#### Assignment
Everything from the line containing "That's all guys!" through the last line of the data below is to be retyped exactly, apart from the pictures.

(Data excerpt Opens)

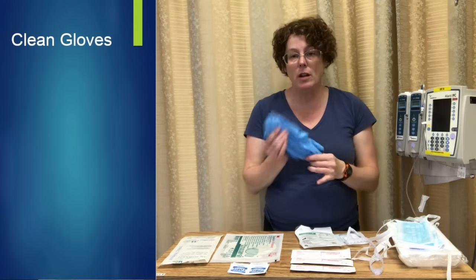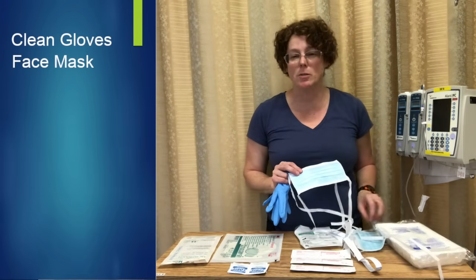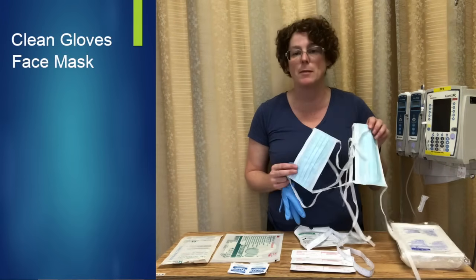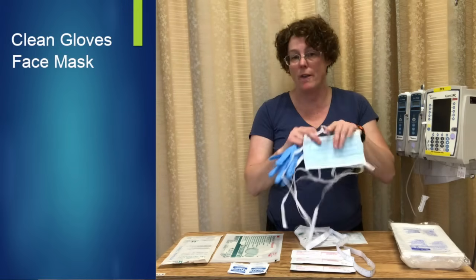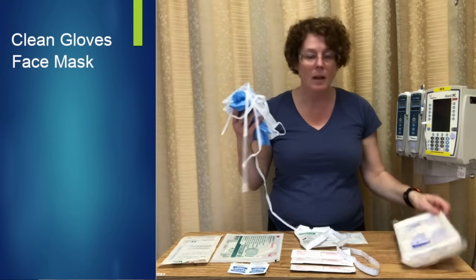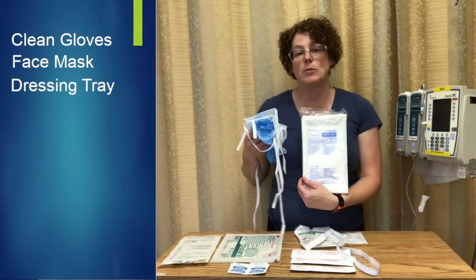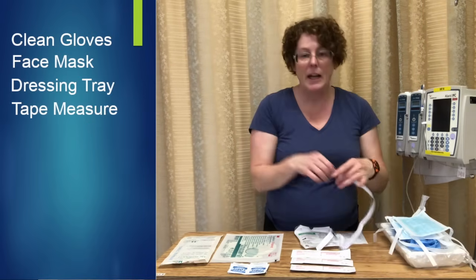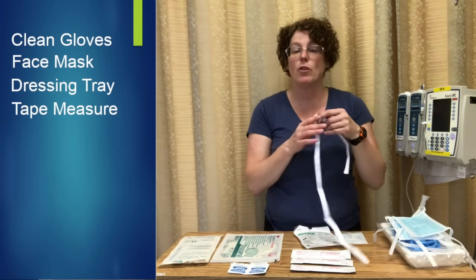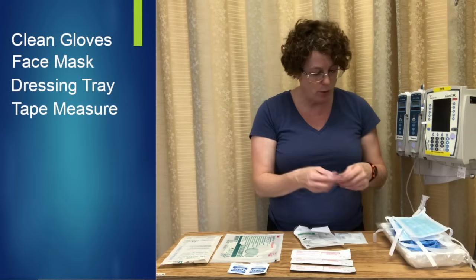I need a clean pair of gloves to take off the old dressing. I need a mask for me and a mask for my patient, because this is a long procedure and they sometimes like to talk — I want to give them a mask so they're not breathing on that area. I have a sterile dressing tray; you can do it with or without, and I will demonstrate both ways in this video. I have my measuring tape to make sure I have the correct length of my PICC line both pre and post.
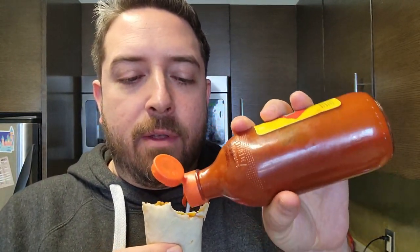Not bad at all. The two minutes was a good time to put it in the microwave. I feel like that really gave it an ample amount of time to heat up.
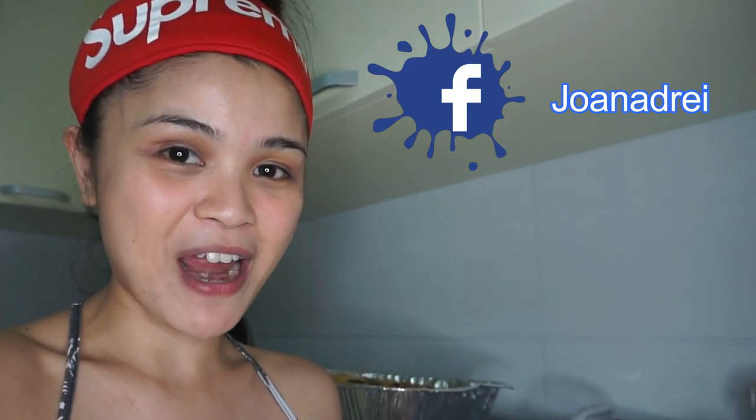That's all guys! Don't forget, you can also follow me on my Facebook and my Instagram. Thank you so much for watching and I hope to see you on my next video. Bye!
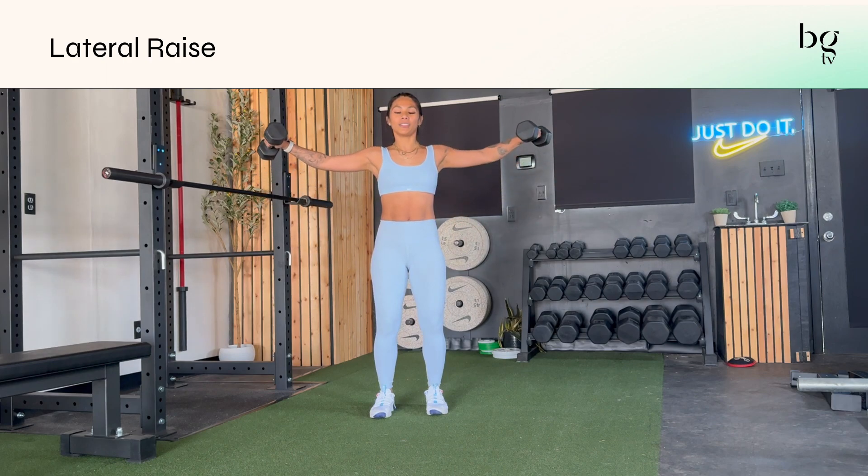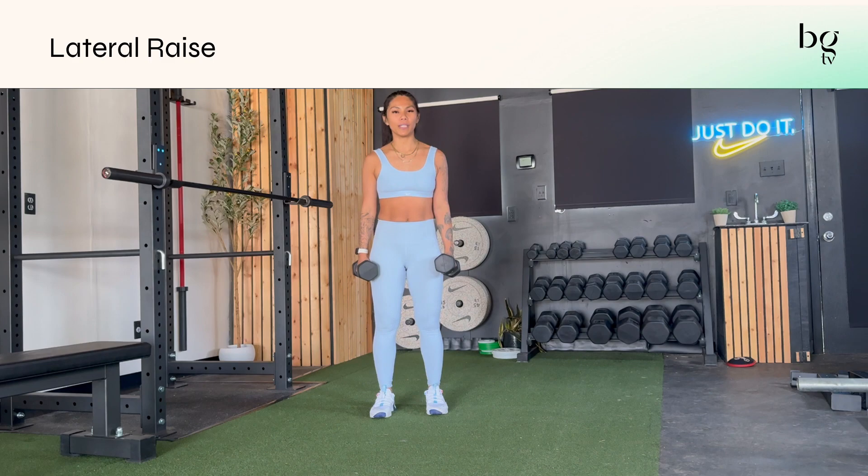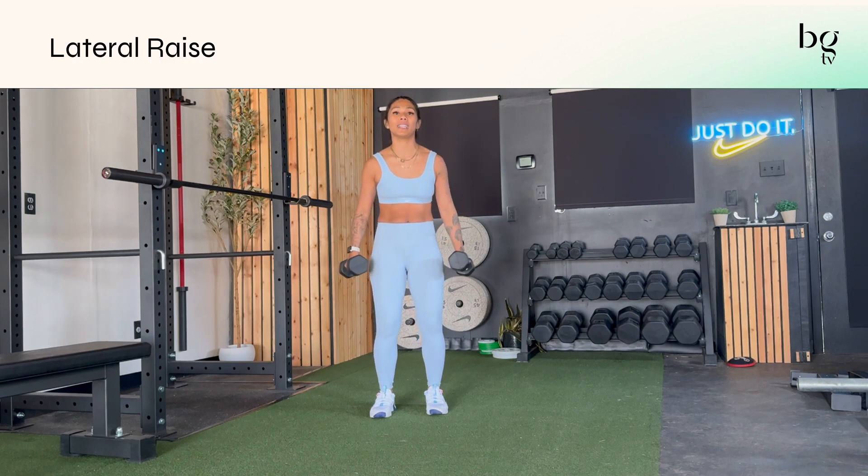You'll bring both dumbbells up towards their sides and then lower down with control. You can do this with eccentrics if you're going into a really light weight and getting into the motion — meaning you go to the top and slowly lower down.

(Data excerpt Closes)

#### Result of this exercise
That's all guys! Don't forget, you can also follow me on my Facebook and my Instagram. Thank you so much for watching and I hope to see you on my next video. Bye!
You'll bring both dumbbells up towards their sides and then lower down with control. You can do this with eccentrics if you're going into a really light weight and getting into the motion — meaning you go to the top and slowly lower down.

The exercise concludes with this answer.